BEGIN EXCERPTED DATA

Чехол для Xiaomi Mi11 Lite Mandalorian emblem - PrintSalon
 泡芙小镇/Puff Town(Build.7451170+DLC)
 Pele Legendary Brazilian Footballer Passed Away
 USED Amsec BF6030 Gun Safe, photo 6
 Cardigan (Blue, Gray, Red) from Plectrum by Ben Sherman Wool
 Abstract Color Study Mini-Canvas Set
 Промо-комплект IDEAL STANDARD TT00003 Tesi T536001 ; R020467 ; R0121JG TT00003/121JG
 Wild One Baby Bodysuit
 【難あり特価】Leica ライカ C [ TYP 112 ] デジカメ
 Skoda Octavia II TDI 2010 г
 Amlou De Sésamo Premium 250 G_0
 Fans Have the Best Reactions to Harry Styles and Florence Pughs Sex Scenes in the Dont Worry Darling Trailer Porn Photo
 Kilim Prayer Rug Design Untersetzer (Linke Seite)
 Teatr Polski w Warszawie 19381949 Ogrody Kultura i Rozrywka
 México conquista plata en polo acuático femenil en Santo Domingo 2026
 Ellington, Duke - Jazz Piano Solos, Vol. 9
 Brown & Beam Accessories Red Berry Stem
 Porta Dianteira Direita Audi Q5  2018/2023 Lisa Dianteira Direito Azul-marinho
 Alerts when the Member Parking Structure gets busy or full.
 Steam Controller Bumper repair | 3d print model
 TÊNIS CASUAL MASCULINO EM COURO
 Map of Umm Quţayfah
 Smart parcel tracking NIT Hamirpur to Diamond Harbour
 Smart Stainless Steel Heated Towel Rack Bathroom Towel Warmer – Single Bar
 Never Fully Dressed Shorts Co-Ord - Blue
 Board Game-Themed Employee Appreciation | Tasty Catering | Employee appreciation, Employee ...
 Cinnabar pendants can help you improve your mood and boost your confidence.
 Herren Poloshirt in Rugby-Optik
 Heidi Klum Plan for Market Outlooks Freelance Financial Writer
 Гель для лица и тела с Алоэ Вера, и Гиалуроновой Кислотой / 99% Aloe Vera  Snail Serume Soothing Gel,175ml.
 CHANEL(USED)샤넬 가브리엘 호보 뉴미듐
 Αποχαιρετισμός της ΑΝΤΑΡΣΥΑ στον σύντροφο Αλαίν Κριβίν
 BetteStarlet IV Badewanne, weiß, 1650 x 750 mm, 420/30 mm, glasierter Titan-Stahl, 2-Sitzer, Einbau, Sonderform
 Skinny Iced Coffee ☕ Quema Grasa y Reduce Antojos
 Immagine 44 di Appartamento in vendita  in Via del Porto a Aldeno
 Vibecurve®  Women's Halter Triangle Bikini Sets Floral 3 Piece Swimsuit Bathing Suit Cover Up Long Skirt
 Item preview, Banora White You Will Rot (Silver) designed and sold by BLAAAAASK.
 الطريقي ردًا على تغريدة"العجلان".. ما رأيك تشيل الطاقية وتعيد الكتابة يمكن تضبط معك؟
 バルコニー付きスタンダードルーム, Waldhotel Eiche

END EXCERPTED DATA

§ **WORK REQUEST**:
Could you copy exactly the lines from the first line of the records above through the line containing "Wild One Baby Bodysuit", both included, and nothing else?

§ **TASK RESULT**:
Чехол для Xiaomi Mi11 Lite Mandalorian emblem - PrintSalon
 泡芙小镇/Puff Town(Build.7451170+DLC)
 Pele Legendary Brazilian Footballer Passed Away
 USED Amsec BF6030 Gun Safe, photo 6
 Cardigan (Blue, Gray, Red) from Plectrum by Ben Sherman Wool
 Abstract Color Study Mini-Canvas Set
 Промо-комплект IDEAL STANDARD TT00003 Tesi T536001 ; R020467 ; R0121JG TT00003/121JG
 Wild One Baby Bodysuit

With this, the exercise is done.